Within the records, find every line that includes the word "Vintage" and copy it.

(Short descriptive text snippets)

•••••

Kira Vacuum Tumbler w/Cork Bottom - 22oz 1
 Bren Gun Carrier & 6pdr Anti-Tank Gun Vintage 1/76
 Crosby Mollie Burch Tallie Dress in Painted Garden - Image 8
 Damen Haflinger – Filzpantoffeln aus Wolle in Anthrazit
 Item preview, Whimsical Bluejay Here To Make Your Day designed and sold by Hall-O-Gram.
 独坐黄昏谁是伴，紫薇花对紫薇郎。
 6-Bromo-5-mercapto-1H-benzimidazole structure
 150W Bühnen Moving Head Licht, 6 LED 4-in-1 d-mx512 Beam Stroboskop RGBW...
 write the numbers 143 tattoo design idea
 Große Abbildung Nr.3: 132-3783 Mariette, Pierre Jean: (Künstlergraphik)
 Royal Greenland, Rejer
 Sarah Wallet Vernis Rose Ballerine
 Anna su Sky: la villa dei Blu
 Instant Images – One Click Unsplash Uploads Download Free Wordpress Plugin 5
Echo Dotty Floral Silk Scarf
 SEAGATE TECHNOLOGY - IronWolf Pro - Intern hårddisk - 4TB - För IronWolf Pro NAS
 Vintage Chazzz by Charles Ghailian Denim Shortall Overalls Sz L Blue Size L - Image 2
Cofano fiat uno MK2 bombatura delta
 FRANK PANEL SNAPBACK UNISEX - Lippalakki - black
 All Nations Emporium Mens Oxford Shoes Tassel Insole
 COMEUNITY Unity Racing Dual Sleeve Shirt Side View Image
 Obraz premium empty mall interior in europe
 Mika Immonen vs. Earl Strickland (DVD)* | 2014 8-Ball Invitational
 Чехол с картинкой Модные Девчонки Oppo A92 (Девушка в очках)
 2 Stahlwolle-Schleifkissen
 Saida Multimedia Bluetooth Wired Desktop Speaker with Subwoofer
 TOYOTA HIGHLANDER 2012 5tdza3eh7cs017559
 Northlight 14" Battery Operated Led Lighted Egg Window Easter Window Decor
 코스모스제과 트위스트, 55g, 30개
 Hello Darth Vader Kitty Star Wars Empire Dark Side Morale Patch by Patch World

•••••

→ **Exercise response**
 Bren Gun Carrier & 6pdr Anti-Tank Gun Vintage 1/76
 Vintage Chazzz by Charles Ghailian Denim Shortall Overalls Sz L Blue Size L - Image 2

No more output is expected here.